- Tucker Bryant: Didn't Dad fire you?
- Dr. Hank Lawson: He did, from being your doctor, not from being your friend.
- Tucker Bryant: Listen, why don't we go back to my place? You know, Dad's not home, and Libby's stocked the fridge with food so organic you can taste the dirt.
- Dr. Hank Lawson: Uh, last time I checked, the drinking age in New York was twenty-one.
- Libby: Well, while technically the Hamptons are in New York, they actually occupy a time-space continuum of their own.
- Dr. Hank Lawson: Look, if you like her, then ask her out.
- Evan R. Lawson: Did she tell you to tell me that?
- Dr. Hank Lawson: Yes, by my locker, before homeroom.
- Jill Casey: Sorry to be laying in wait at your house, but I have something for you.

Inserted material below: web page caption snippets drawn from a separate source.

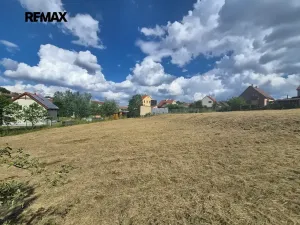 Prodej pozemku pro bydlení, Habrůvka, 2464 m2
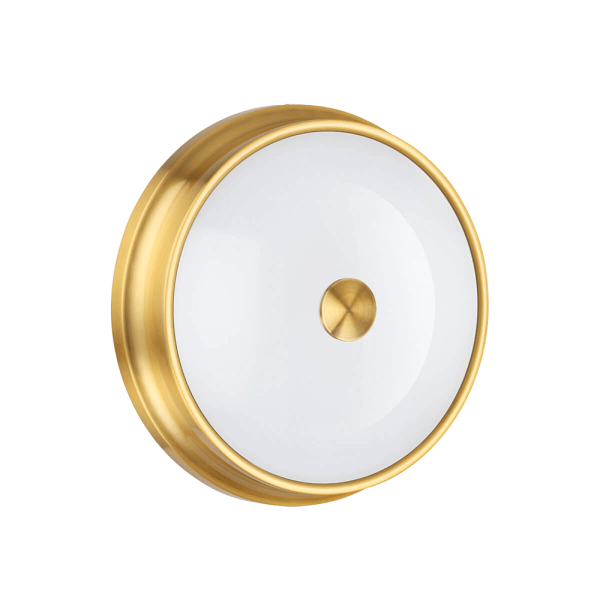 Настенно-потолочный светильник Odeon Light Walli Marsei 4824/3C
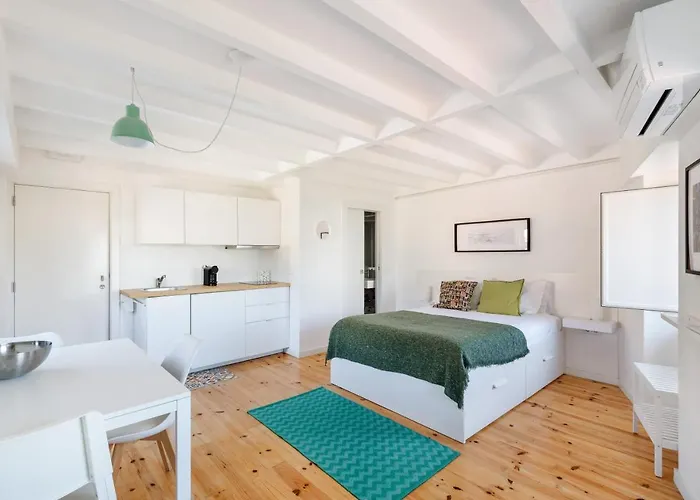 Casa Flora Apartment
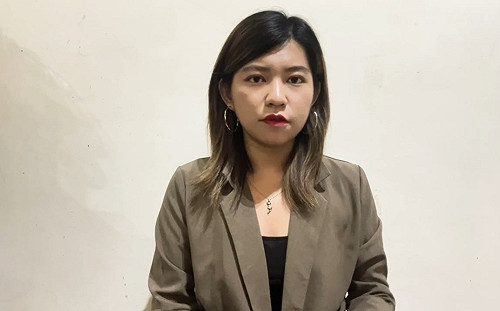 謝國樑回應「行政不中立」 山海拆樑：轉移焦點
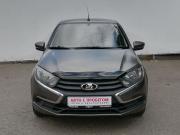 Lada (ВАЗ) Granta I Рестайлинг Москва  - изображение 19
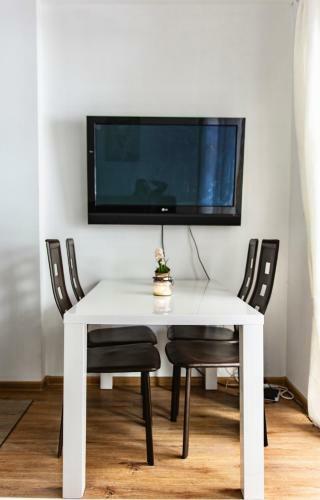 Apartm�n Reggie - Pec Pod Sn??kou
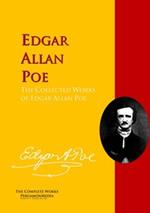 The Collected Works of Edgar Allan Poe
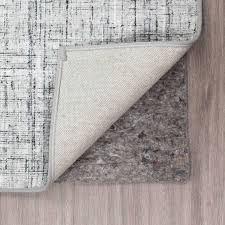carpet padding options choose the
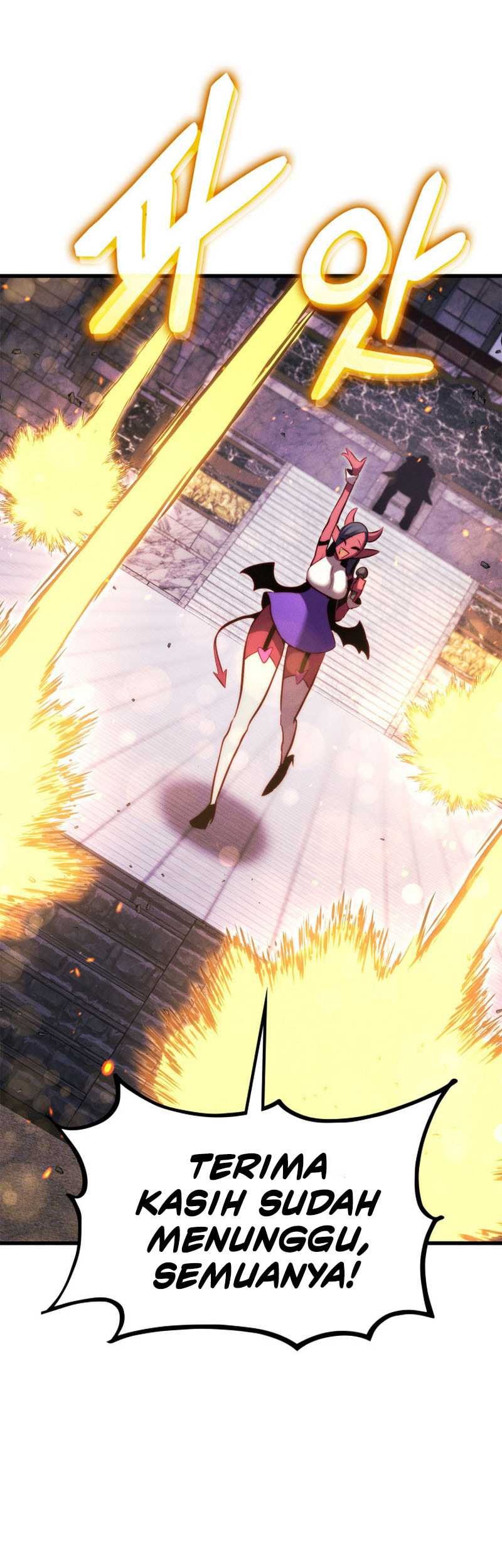 Ranker’s Return Chapter 186 - halaman 63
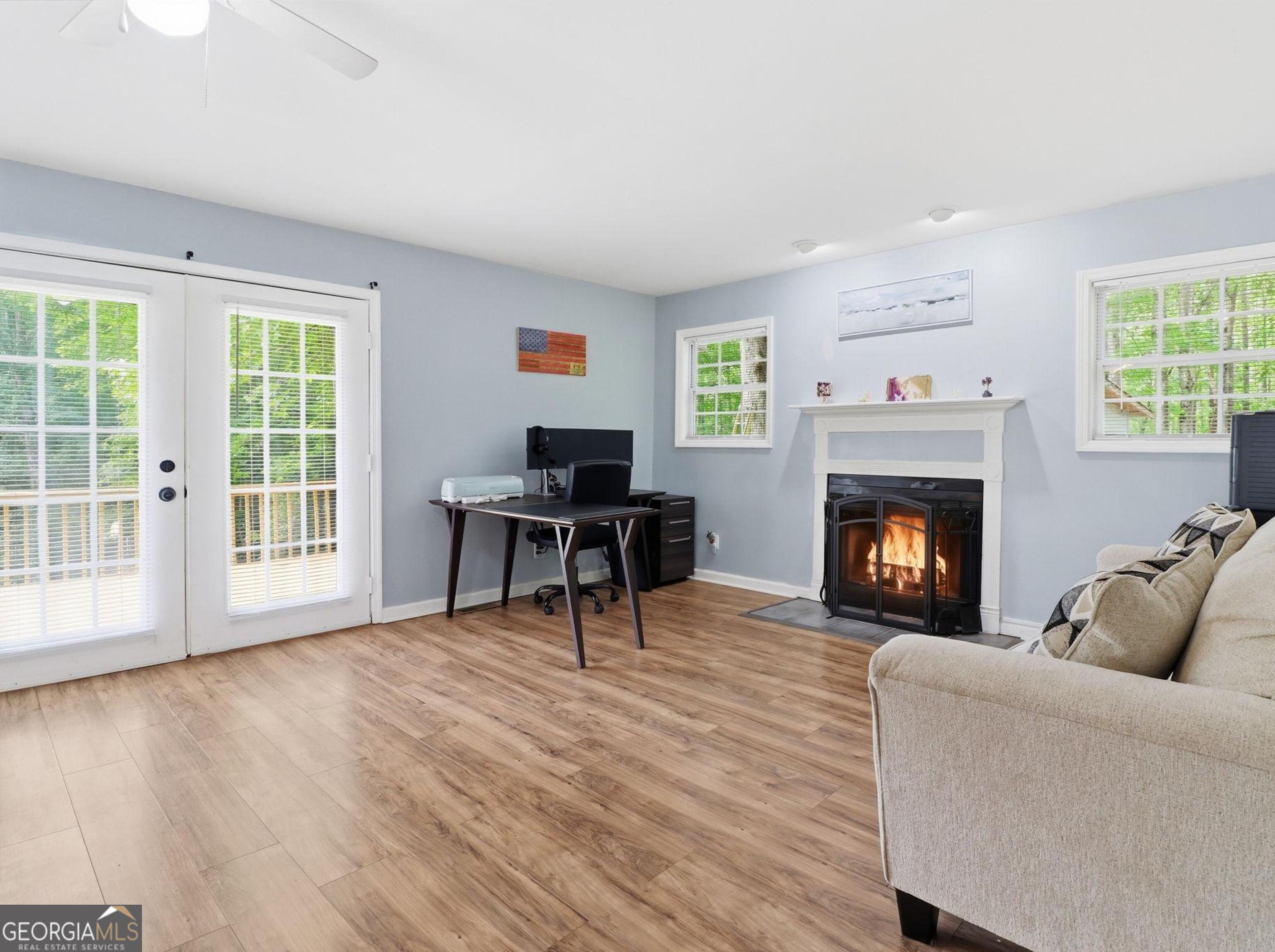 80 Sunnyland DR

- Dr. Hank Lawson: Fine, I'll see another property, but it should have a fabulous room, and the person showing it should have leprosy. Those are my conditions.
- Dr. Hank Lawson: That's quite a maneuver, Maverick.
- Tucker Bryant: Maverick? Who's that?
- Dr. Hank Lawson: Oh, I don't know, a little movie called...
- Dr. Hank Lawson, Tucker Bryant: [together] ... Top Gun.
- Tucker Bryant: I know, Hank. I'm just joking. I AM aware of American culture pre-iPod.
- Dr. Hank Lawson: [laughs] Talk to me, Goose.
- Dr. Hank Lawson: I didn't realize you were such a daredevil.
- Tucker Bryant: Well, as a hemophiliac, what choice do I have, you know?